Wow, Justin Wolfers reports on a new NBER paper (ungated) by Trent Alexander, Michael Davern and Betsey Stevenson, that finds big errors in Census data, especially for citizens 65 years and older.
What’s the source of the problem? The Census Bureau purposely messes with the microdata a little, to protect the identity of each individual. For instance, if they recode a 37-year-old expat Aussie living in Philadelphia as a 36-year-old, then it’s harder for you to look me up in the microdata, which protects my privacy. In order to make sure the data still give accurate estimates, it is important that they also recode a 36-year-old with similar characteristics as being 37. This gives you the gist of some of their “disclosure avoidance procedures.” While it may all sound a bit odd, if these procedures are done properly, the data will yield accurate estimates, while also protecting my identity. So far, so good.

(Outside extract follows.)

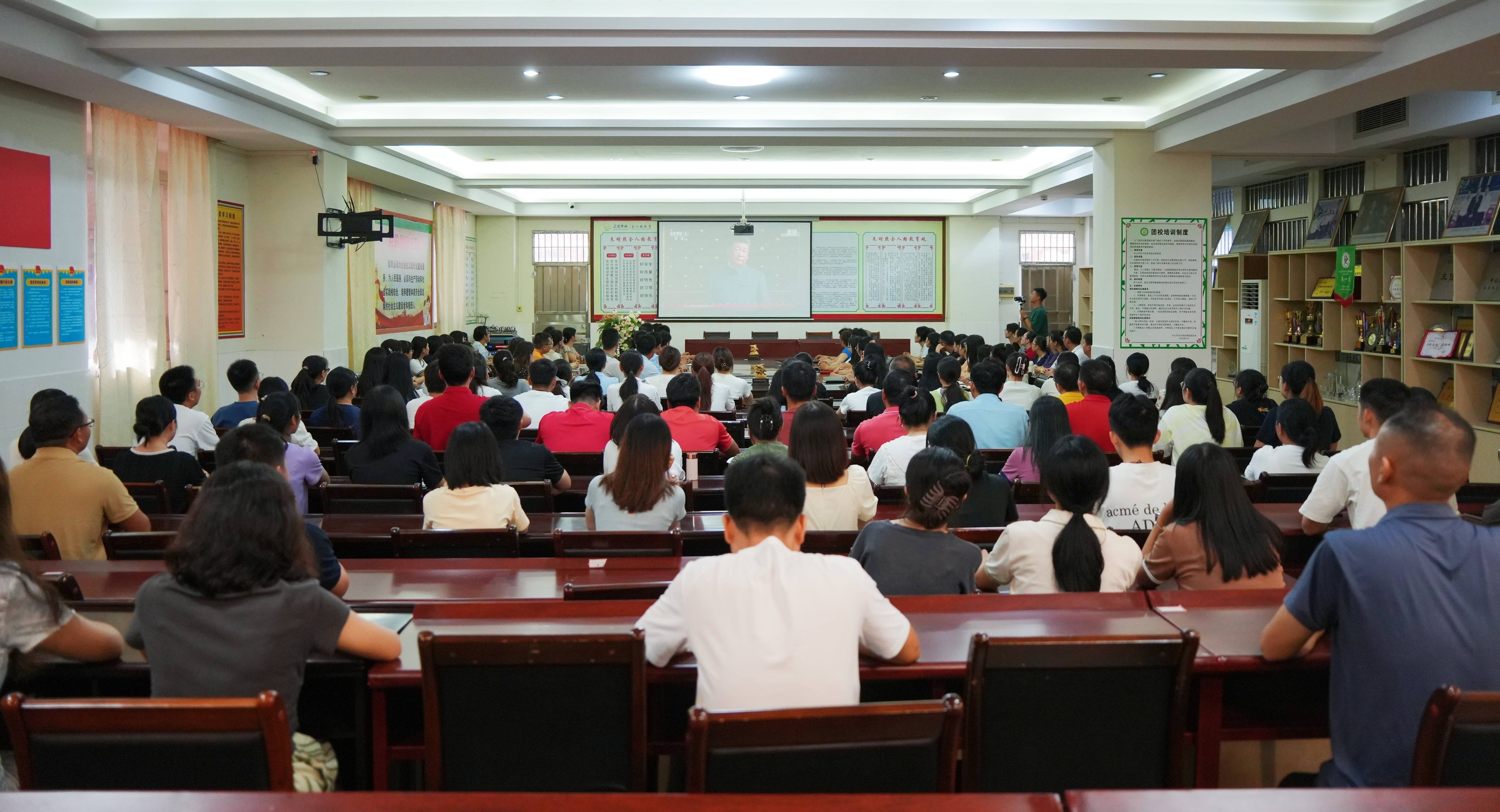 求实学校教师观看阅兵礼 (7)_副本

But the problem arose because of a programming error in how the Census Bureau ran these procedures. The right response is obvious: fix the programs, and publish corrected data. Unfortunately, the Census Bureau has refused to correct the data.
The problem also runs a bit deeper. If the mistake were just the one shown in the above graph, it would be easy to simply re-scale the estimates so that there are no longer too many, say, 85-year-old men – just weight them down a bit. But it turns out that the same coding error also messes up the correlation between age and employment, or age and marital status (and, the authors suspect, possibly other correlations as well). When you break several correlations like this, there’s no easy statistical fix.
Worse still, the researchers find that related problems afflict the microdata released for other major data sources. All told, they’ve found similar errors in:
- The 2000 Decennial Census.
- The American Community Survey, which is the annual “mini-census” (errors exist in 2003-2006, but not 2001-02, or 2007-08).
- The Current Population Survey, which generates our main labor force statistics (errors exist for 2004-2009).
These microdata have been used in literally thousands of studies and countless policy discussions.















Although there is little chance of that common sense reform being adopted in time for the 2010 Census, the Census Bureau should collect data to adjust for the Census miscount. The Census Bureau has the unique ability to obtain and provide corrected data without the restrictions that limit access to home addresses for incarcerated populations. As a result, the Census Bureau is in the best position to correct its own practice of miscounting prisoners.
E. Barandiaran,
While your comment is mildly topical, I have to complete disagree. As the author has noted, literally thousands and thousands of papers are based on census data. To recall each and everyone would be premature and to call into question every conclusion derived from them would put a massive crater in economic knowledge. We have no idea what the net effect of these data errors were on research. For some estimated paramaters it could strenghten conclusions, for others it may have little to no effect. Still others may end up with coefficients whose sign changes entirely, we simmply don’t know. Obviously the best thing to do is for the Census Bureau to fix the data, but short of that there are better things to do than throwing out a decade worth of research inclduing comparing paramaters estimated in papers during the error ridden period to the same or similar paramaters estimated using data from earlier, unaffected census data or from other sources. Papers with conclusions supported by sound theory are less suspicous. Care should be taken when a paper’s conclusions run counter to established theory or rely on unconventional models or assumptions.
At the end of the day, this isn’t a dealbreaker for every paper wrtiten in the past ten years, more of an asterisk and a reason to look a little deeper.
As a technical matter, E. Barandiaran’s comment sets the stage for a Bayesian nightmare that must follow this revelation, and I cannot understand how wlu2009 reaches such a conclusion.
If we (completely illogically, but typically) assume that every hypothesis test appearing in every published paper was the pure result of a single dive into the data without any “data mining”, (as any preliminary results of different models in theory would require modifications to the hypothesis test,) we’re now facing a situation where we would be required most certainly to re-test all of the hypotheses with the understanding that the model has been corrupted by the first set of tests, based on flawed data.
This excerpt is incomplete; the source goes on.